Get the AIC. If both train and valid are False, return the train. If both train and valid are True, return the valid.

Parameters:
  • train – Return the AIC for training data.
  • valid – Return the AIC for the validation data.
Returns:

Retrieve the AIC for this set of metrics

auc(train=False, valid=False)[source]

Get the AUC. If both train and valid are False, return the train. If both train and valid are True, return the valid.

Parameters:
  • train – Return the AUC for training data.
  • valid – Return the AUC for the validation data.
Returns:

Retrieve the AUC coefficient for this set of metrics

biases(vector_id=0)[source]

Return the frame for the respective bias vector :param: vector_id: an integer, ranging from 0 to number of layers, that specifies the bias vector to return. :return: an H2OFrame which represents the bias vector identified by vector_id

coef()[source]
Returns:Return the coefficients for this model.
coef_norm()[source]
Returns:Return the normalized coefficients
deepfeatures(test_data, layer)[source]

Return hidden layer details

Parameters:
  • test_data – Data to create a feature space on
  • layer – 0 index hidden layer
download_pojo(path='')[source]

Download the POJO for this model to the directory specified by path (no trailing slash!). If path is “”, then dump to screen. :param model: Retrieve this model’s scoring POJO. :param path: An absolute path to the directory where POJO should be saved. :return: None

giniCoef(train=False, valid=False)[source]

Get the Gini. If both train and valid are False, return the train. If both train and valid are True, return the valid.

Parameters:
  • train – Return the Gini for training data.
  • valid – Return the Gini for the validation data.
Returns:

Retrieve the Gini coefficient for this set of metrics

logloss(train=False, valid=False)[source]
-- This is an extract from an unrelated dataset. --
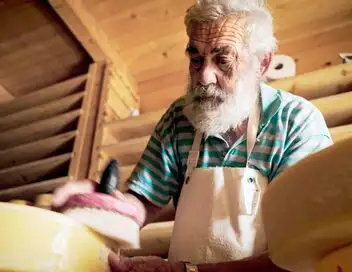 L'Oberland bernois - Saison 1 - Un été dans les Préalpes suisses – affiche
Get the Log Loss. If both train and valid are False, return the train. If both train and valid are True, return the valid.

Parameters:
  • train – Return the log loss for training data.
  • valid – Return the log loss for the validation data.
Returns:

Retrieve the log loss coefficient for this set of metrics

model_performance(test_data=None, train=False, valid=False)[source]

Generate model metrics for this model on test_data.

Parameters:
  • test_data – Data set for which model metrics shall be computed against. Both train and valid arguments are ignored if test_data is not None.
  • train – Report the training metrics for the model. If the test_data is the training data, the training metrics are returned.
  • valid – Report the validation metrics for the model. If train and valid are True, then it defaults to True.
Returns:

An object of class H2OModelMetrics.

mse(train=False, valid=False)[source]
Parameters:
  • train – If train is True, then return the MSE value for the training data. If train and valid are both False, then return the training MSE.
  • valid – If valid is True, then return the MSE value for the validation data. If train and valid are both True, then return the validation MSE.
Returns:

The MSE for this regression model.

null_degrees_of_freedom(train=False, valid=False)[source]
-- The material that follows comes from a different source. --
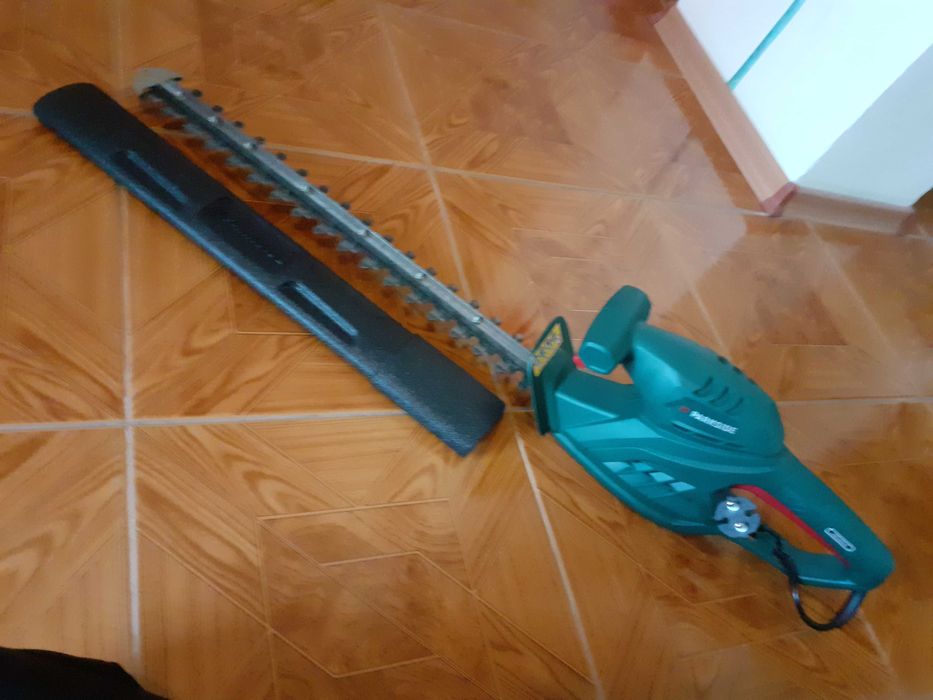 Foarfeca electrica Parkside de tuns gard viu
Retreive the null degress of freedom if this model has the attribute, or None otherwise.

Parameters:
  • train – Get the null dof for the training set. If both train and valid are False, then train is selected by default.
  • valid – Get the null dof for the validation set. If both train and valid are True, then train is selected by default.
Returns:

Return the null dof, or None if it is not present.

null_deviance(train=False, valid=False)[source]

Retreive the null deviance if this model has the attribute, or None otherwise.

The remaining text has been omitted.